[Problem to solve] Return the line that contains "this 1270×952 image." plus every line after it to the end of the entries below, exactly as given, and stop there.

[Listed records]
────────────────
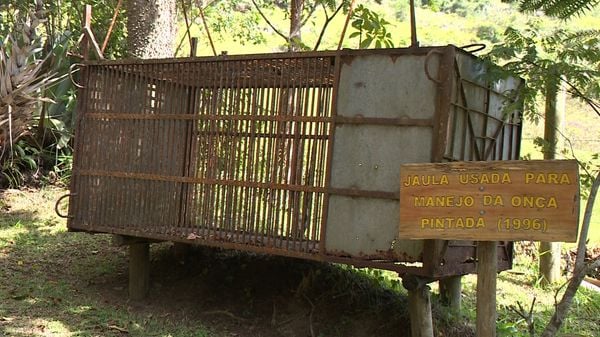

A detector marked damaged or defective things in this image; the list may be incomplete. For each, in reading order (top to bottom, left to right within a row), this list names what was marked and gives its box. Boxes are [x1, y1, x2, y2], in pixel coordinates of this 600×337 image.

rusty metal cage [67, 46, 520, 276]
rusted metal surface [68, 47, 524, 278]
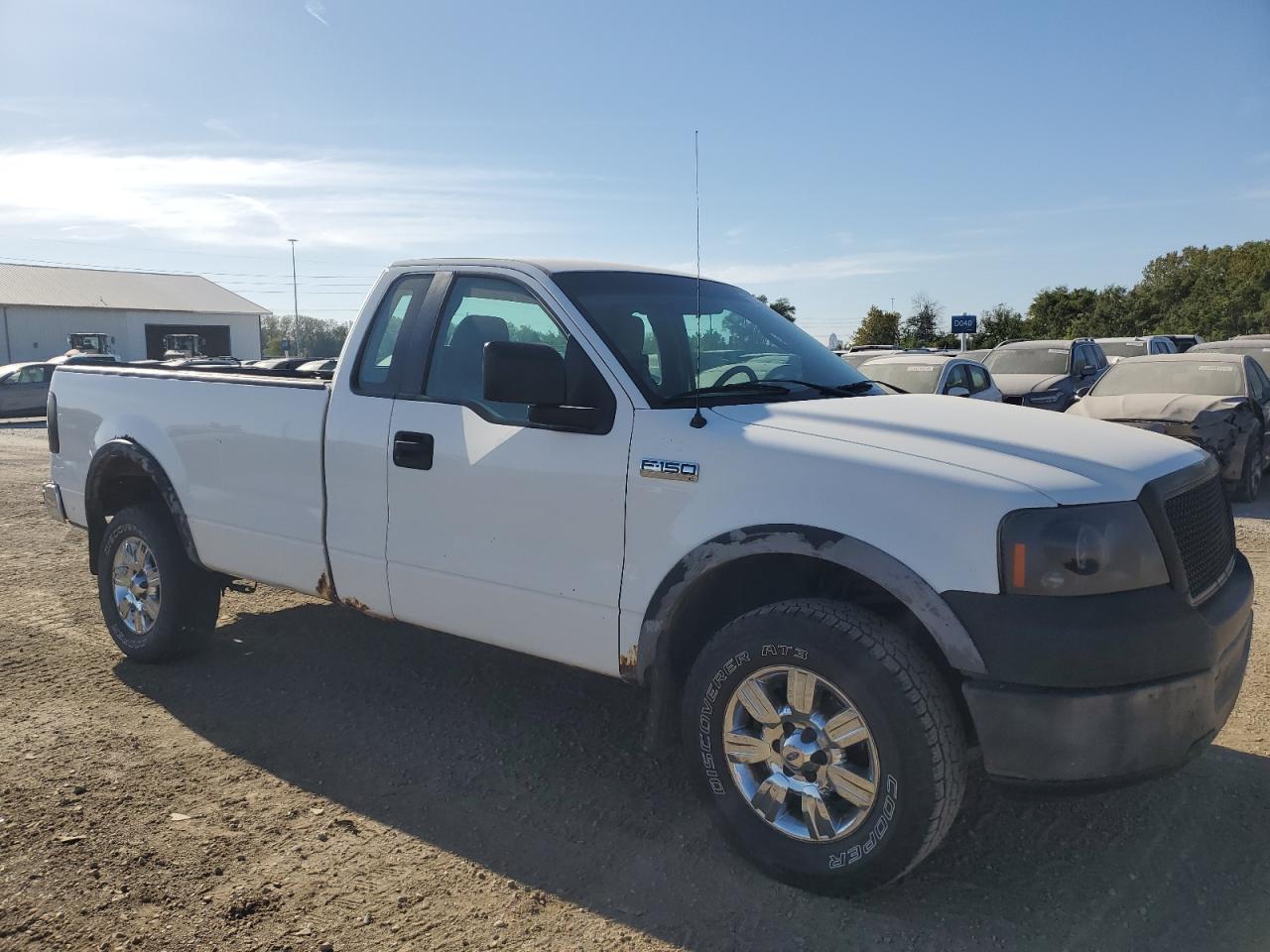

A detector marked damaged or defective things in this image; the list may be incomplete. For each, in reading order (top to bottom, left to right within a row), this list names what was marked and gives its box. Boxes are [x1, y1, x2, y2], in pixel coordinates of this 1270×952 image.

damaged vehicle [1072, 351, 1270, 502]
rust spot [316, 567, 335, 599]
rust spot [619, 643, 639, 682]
────────────────
[Problem solution]
A detector marked damaged or defective things in this image; the list may be incomplete. For each, in reading order (top to bottom, left to right within a row), this list names what was marked and gives its box. Boxes are [x1, y1, x2, y2], in pixel coordinates of this 1270×952 image.

damaged vehicle [1072, 351, 1270, 502]
rust spot [316, 567, 335, 599]
rust spot [619, 643, 639, 682]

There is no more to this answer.